Work order. Beginning with the line that holds "Majestic Richmond Apt", copy each line exactly through the end of the entries, but leave the pictures out.
━━━ Task input ━━━
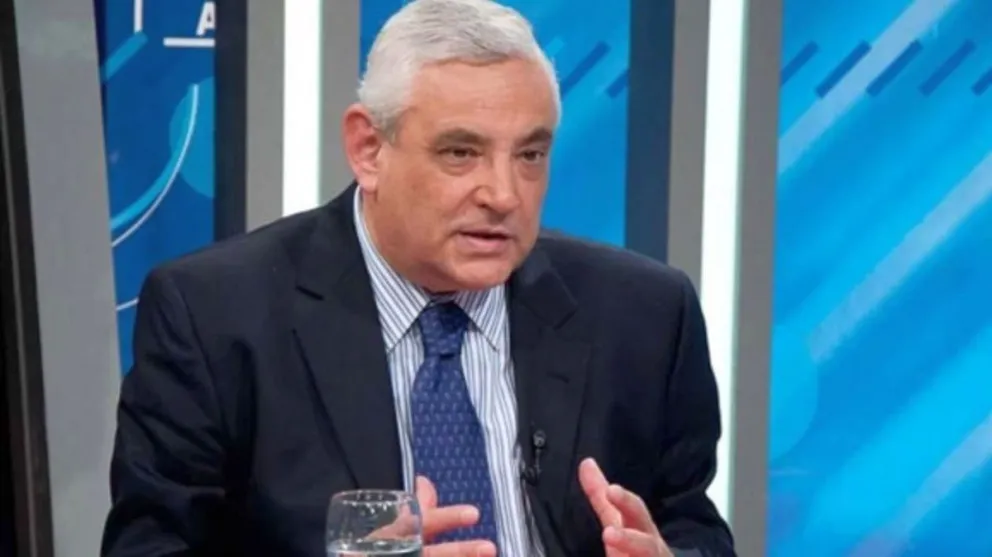 Zuleta Puceiro: “Lo único que puede parar a Milei son las universidades y los jubilados”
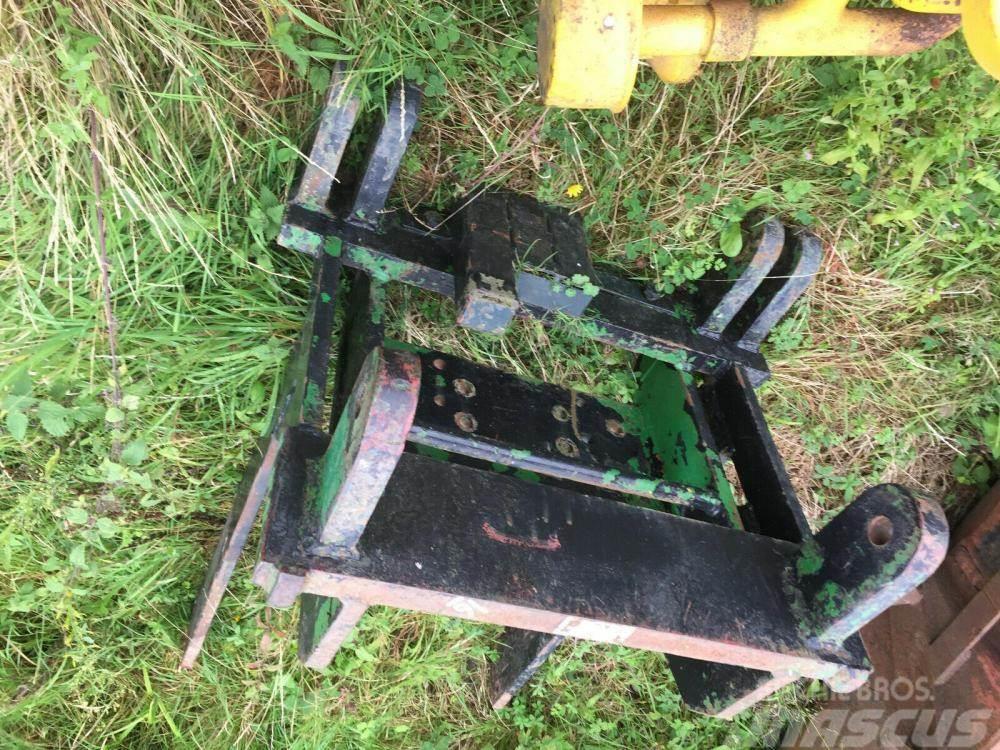  Tractor mounted front linkage frame Tractoren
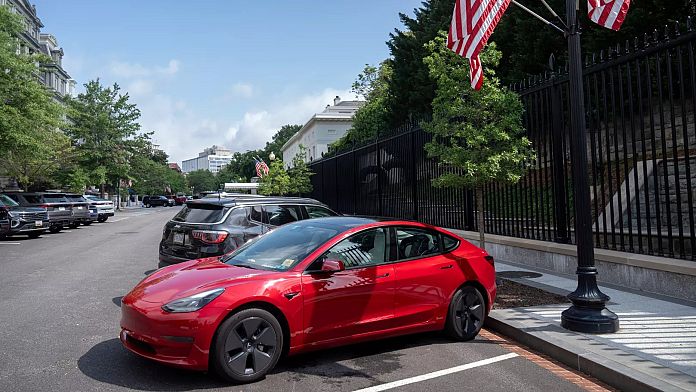 Vânzările Tesla au scăzut brusc în ultimele trei luni, iar Musk este de vină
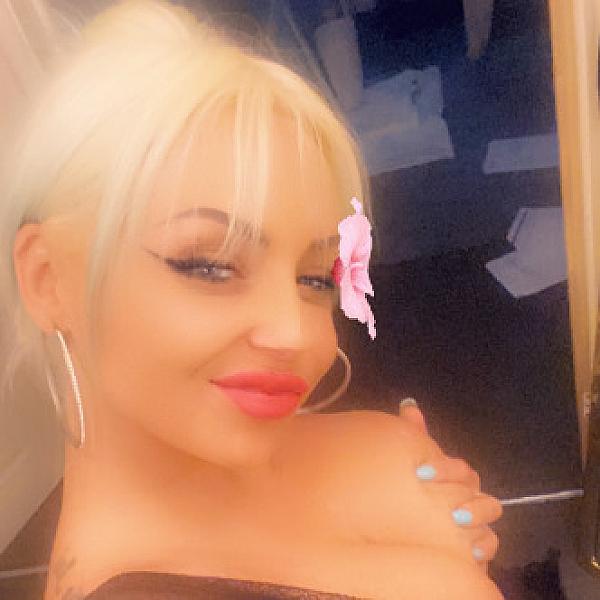 Roxy Fox webcam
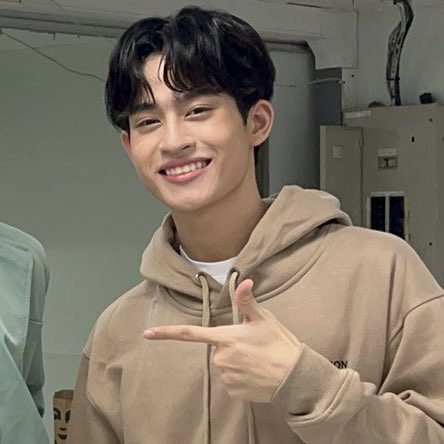 kpfiIms's tweet image. 🤍🤍🤍🤍🤍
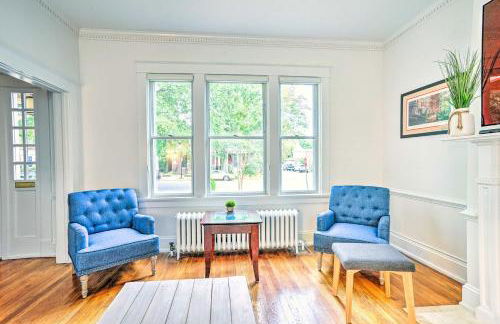 Majestic Richmond Apt with Tranquil Koi Pond! - Foto 7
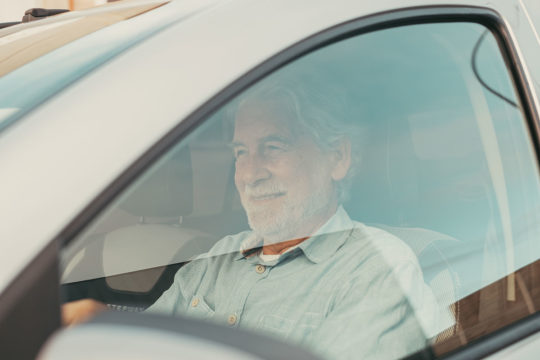 Cómo renovar el carnet de conducir para jubilados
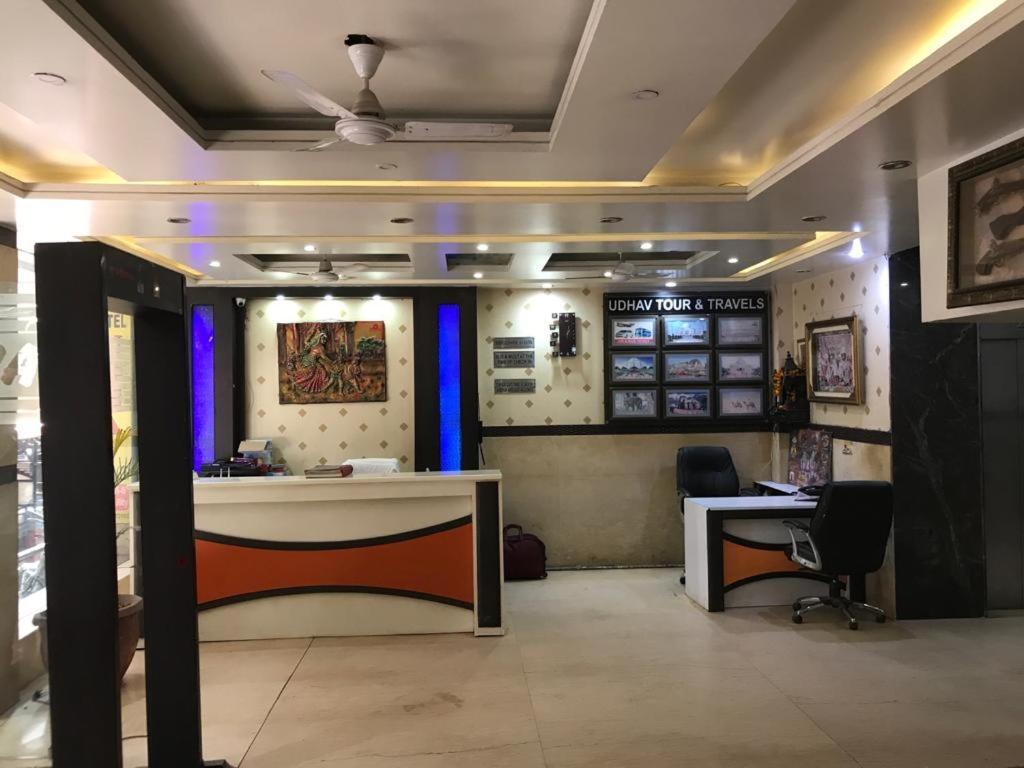 ניו דלהי Adb Rooms Udhav Palace מראה חיצוני תמונה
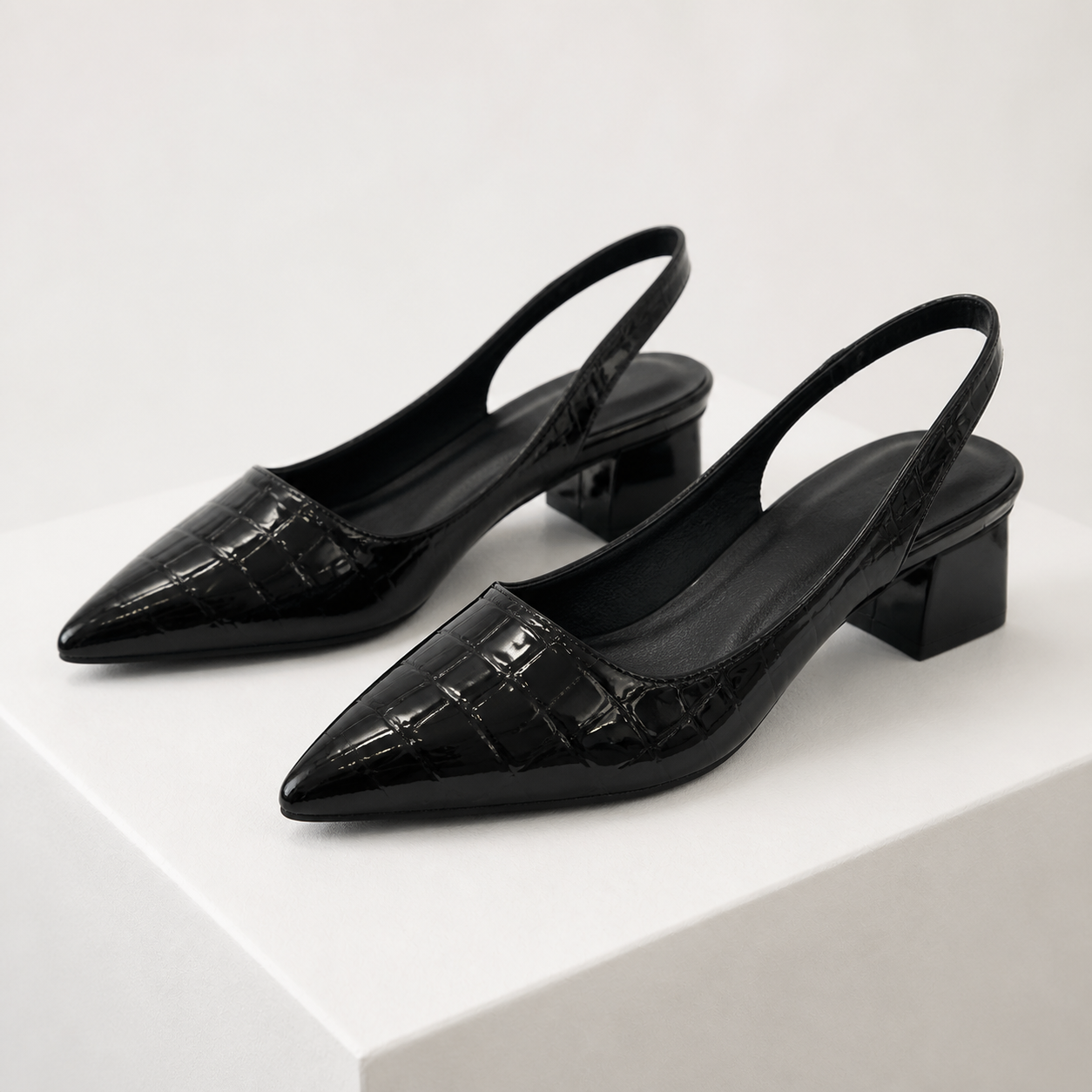 Sapatos ADELINA pretos — vista principal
━━━
Exercise output.
 Majestic Richmond Apt with Tranquil Koi Pond! - Foto 7
 Cómo renovar el carnet de conducir para jubilados
 ניו דלהי Adb Rooms Udhav Palace מראה חיצוני תמונה
 Sapatos ADELINA pretos — vista principal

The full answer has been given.